Scrum Prozess in einfachen Schritten

Größte Vorteile:

  • Auch bei sehr beschränktem Budget bekommt der Kunde auf diese Weise zuerst die Dinge geliefert die am wichtigsten sind.
  • Nach jedem Sprint haben alle Beteiligten das Recht aufzuhören falls man den Anforderungen an einander nicht gerecht geworden ist.
  • Der Kunde bezahlt für geleistete Arbeit und echten Mehrwert statt für langwierige Prozesse.

Ein Beispiel aus der Praxis

Wir wurden Ende 2016 von einer kleinen Agentur kontaktiert deren Geschäft das Verfassen hochwertiger Presseartikel ist. Dafür kam eine ältere Individual-Software zum Einsatz, die eine Reihe von Problemen zeigte. Nach einem kurzen Telefonat bin ich zum Kunden gefahren, habe mir das System erklären lassen und einen ersten Blick auf den Code geworfen. Zusammen mit den beiden Inhabern haben wir die dringendsten Aufgaben erarbeitet und priorisiert. Wir haben uns schnell darauf geeinigt, dass wir zuerst ein Problem mit dem Email-Versand angehen und anschließend weiter sehen. Nach insgesamt zwei Tagen (inklusive Vorbesprechung, Einarbeitung, Dokumentation etc.) konnten wir eine korrigierte Version auf dem Produktivsystem bereitstellen. Mit dem verbliebenen Budget haben wir - in einem zweiten “Mini-Sprint” - noch ein paar weitere Verbesserungen umsetzen können und der Kunde war zufrieden.
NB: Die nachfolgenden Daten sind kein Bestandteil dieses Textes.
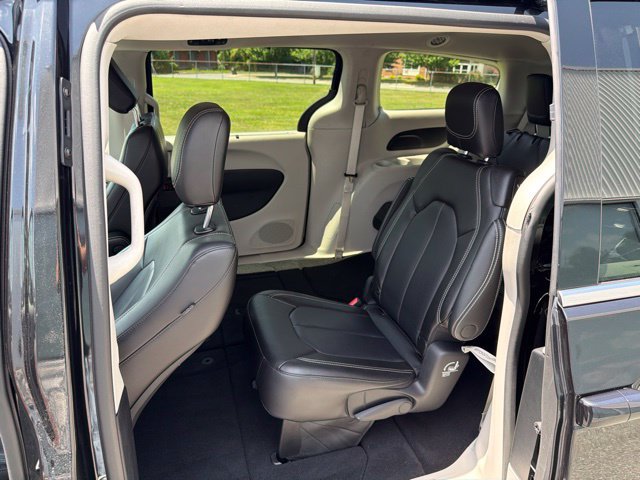 Used 2023 Chrysler Pacifica Touring-L AWD/4WD image 14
Wir arbeiten mit diesem Prozess aktuell erfolgreich mit mehreren mittelständischen Unternehmen aus dem Großraum Kassel zusammen und bekommen überwiegend positives Feedback.

Unterstützung für bestehende Teams

Sehr häufig unterstützen wir bestehende Teams innerhalb von Firmen aus ganz Deutschland. Gründe hierfür sind meistens personelle Engpässe, Zeitdruck oder der Bedarf an speziellem Know How. Einige Unternehmen beschäftigen auch einfach ein Kontingent an externen Kräften um flexibel reagieren zu können. Neben den technischen Herausforderungen durch unvertraute Prozesse, neue Frameworks, spezielle Werkzeuge oder Programmiersprachen spielt auch hier die menschliche Komponente in wichtige Rolle. Den weltfremden Keller-Hacker mit Angst vor Sonnenlicht und fremden Menschen findet man bei uns daher nicht ;-)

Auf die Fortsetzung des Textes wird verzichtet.